Ces plateaux, que leur hauteur moyenne de 1800 mètres et un rude climat rendraient impraticables aujourd’hui pour une voie publique, étaient sous les Romains et plusieurs siècles après, couverts de forêts ou de cultures et habités.  Ainsi l’attestent, avec la tradition, des traces de terrains cultivés, des actes publics d’aliénation de parcelles, aux
archives des communes, la découverte de bois enfouis et la présence de nombreuses ruines d’habitations.

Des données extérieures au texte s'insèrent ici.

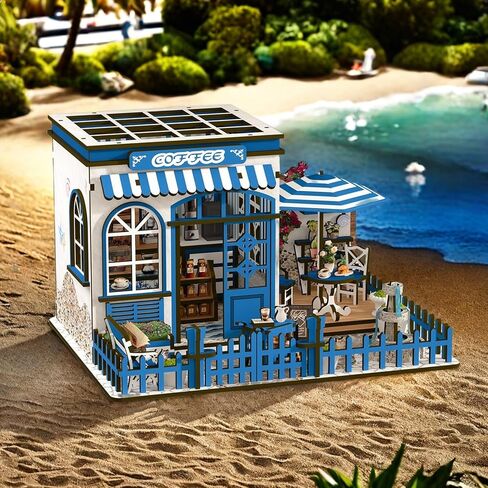 Book Nook Kit, DIY Miniature House Kit for Adults and Teens, 3D Wooden Puzzle Booknook Tiny House Bookshelf Decor, Holiday Craft Gift for Friends, Family(Japanese Courtyard) in Kuwait
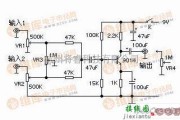 音频处理中的简易两路信号输入的音频混合器电路图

Là où la culture était possible, où végétaient des forêts et où l’homme pouvait résider, la climature des lieux ne mettait aucun obstacle à une circulation continue. Cette circulation fut très active, tant que dura l’empire gallo romain et s’affaiblit après sa chute. Elle cessa tout à fait au XIV siècle.
Un déboisement destructeur des bois qui ombrageaient ces plateaux détermina la ruine de la Voie par l’influence fatale qu’il exerça sur eux.
A sa suite, la température s ‘y abaissa, le climat devint âpre et rigoureux le sol aride et les habitations se dépeuplèrent. Chassée de ces hauts lieux avec la population, la circulation publique descendit dans les vallées.
La même cause eut, sur d’autres points de l’Oisans des effets non moins désastreux pour la voie. Le sol déjà désorganisé par les guerres fut de plus en certains endroits bouleversé par le déboisement. Privés de la garantie que la végétation et les bois leur avaient assuré contre les eaux, des terrains fortement inclinés croulaient dans les précipices avec la voie qu’ils supportaient. Tels ont été les changements survenus, de ces diverses manières, en quelques lieux où passait la Voie, qu’ils semblent y rendre aujourd’hui, son passage impossible.
Des causes d’un autre genre contribuaient aussi un peu partout dans l’Oisans, au dépérissement de la Voie. Une fois délaissée, sa trace était en grande partie absorbée par les cultures qui l’avoisinaient ; dans les bois dans les champs, peu à peu elle disparaissait ignorée ; des chemins communaux s’en appropriaient des parties à leur convenance, sans se souvenir de leur antiquité vénérable. Du moins, un peu partout aussi, des sentiers gardaient sa place, et témoignaient de son existence passée, jusque dans les endroits les plus solitaires.